### [Work order]
Return the entries below word for word. No picture belongs in the copy.

### [Data for analysis]

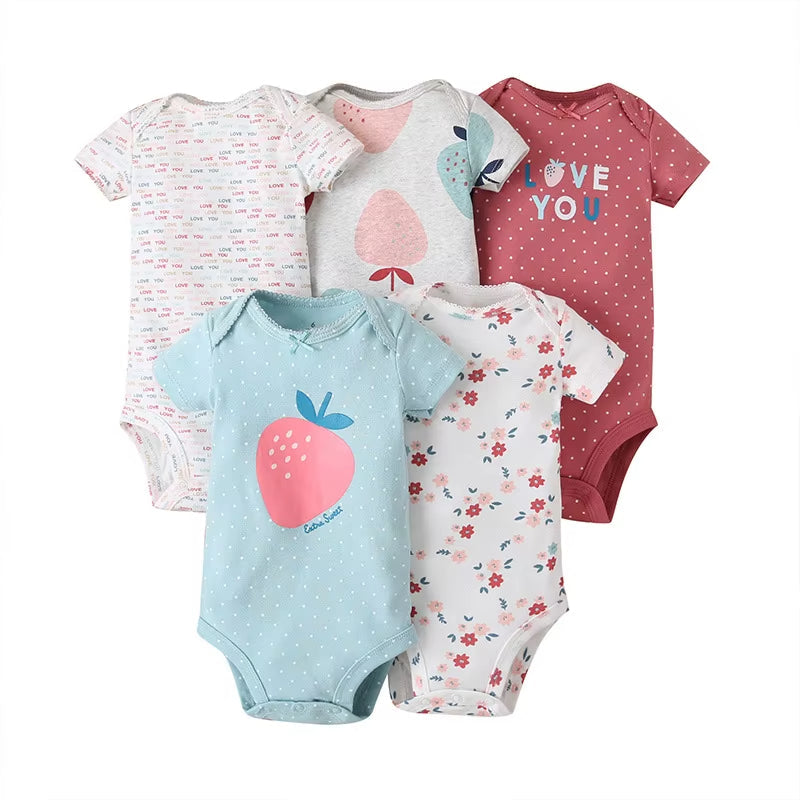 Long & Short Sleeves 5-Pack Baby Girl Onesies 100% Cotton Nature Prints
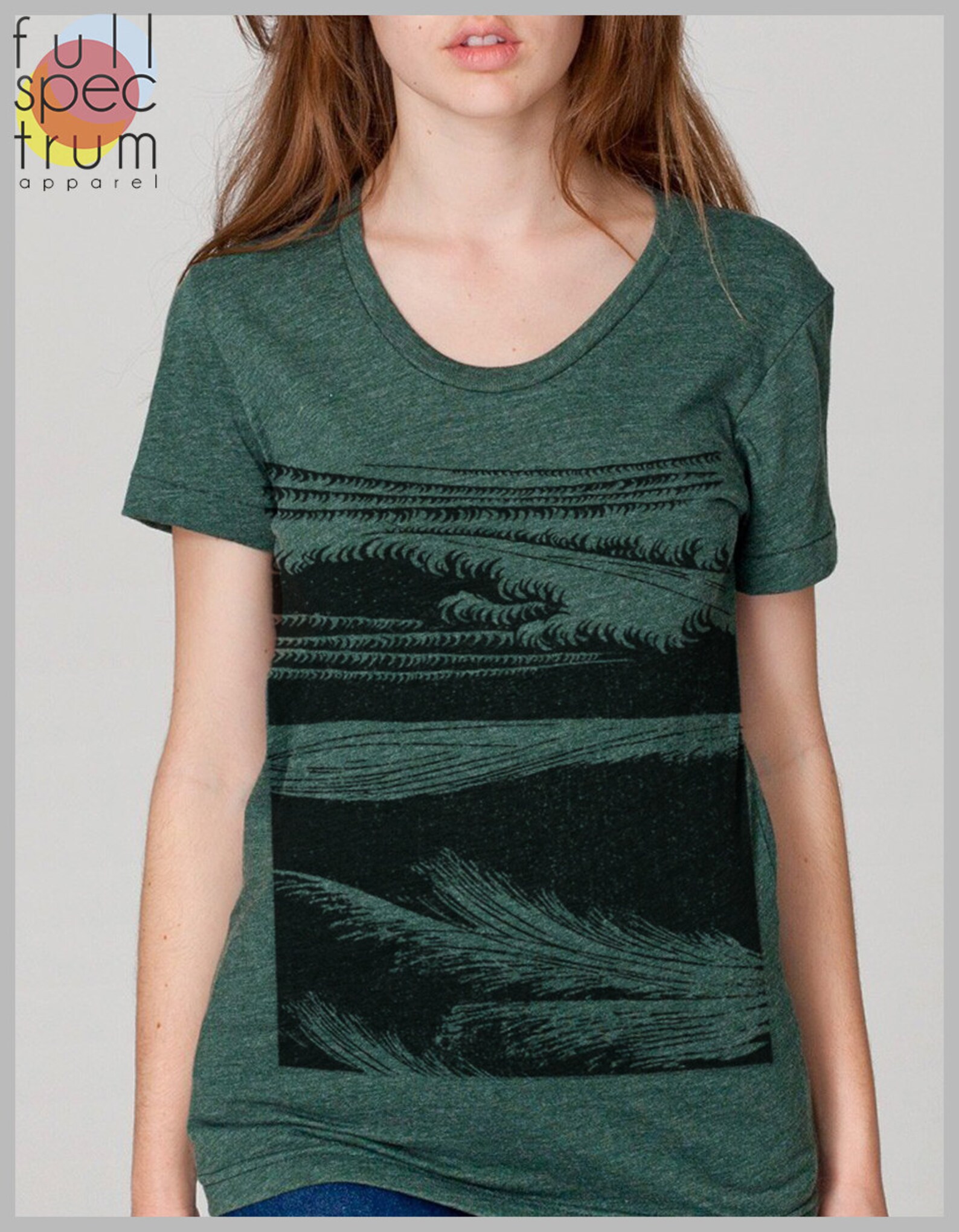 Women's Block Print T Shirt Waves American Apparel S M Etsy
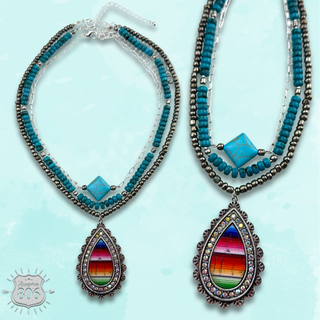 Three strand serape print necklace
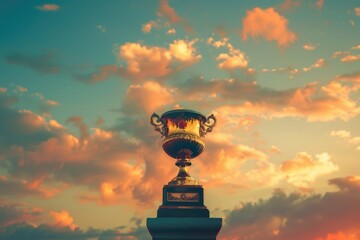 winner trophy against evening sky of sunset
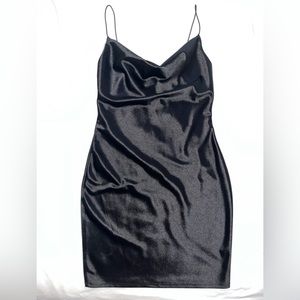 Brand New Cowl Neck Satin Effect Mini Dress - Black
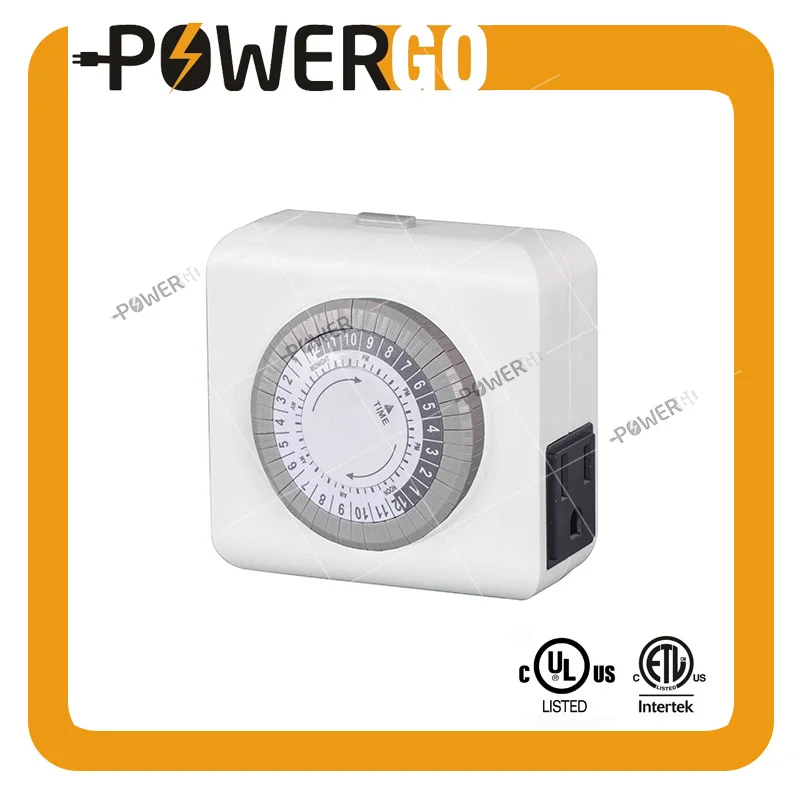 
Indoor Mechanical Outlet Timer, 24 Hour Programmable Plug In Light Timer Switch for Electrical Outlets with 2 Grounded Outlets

### [Solution]
 Long & Short Sleeves 5-Pack Baby Girl Onesies 100% Cotton Nature Prints
 Women's Block Print T Shirt Waves American Apparel S M Etsy
 Three strand serape print necklace
 winner trophy against evening sky of sunset
 Brand New Cowl Neck Satin Effect Mini Dress - Black
Indoor Mechanical Outlet Timer, 24 Hour Programmable Plug In Light Timer Switch for Electrical Outlets with 2 Grounded Outlets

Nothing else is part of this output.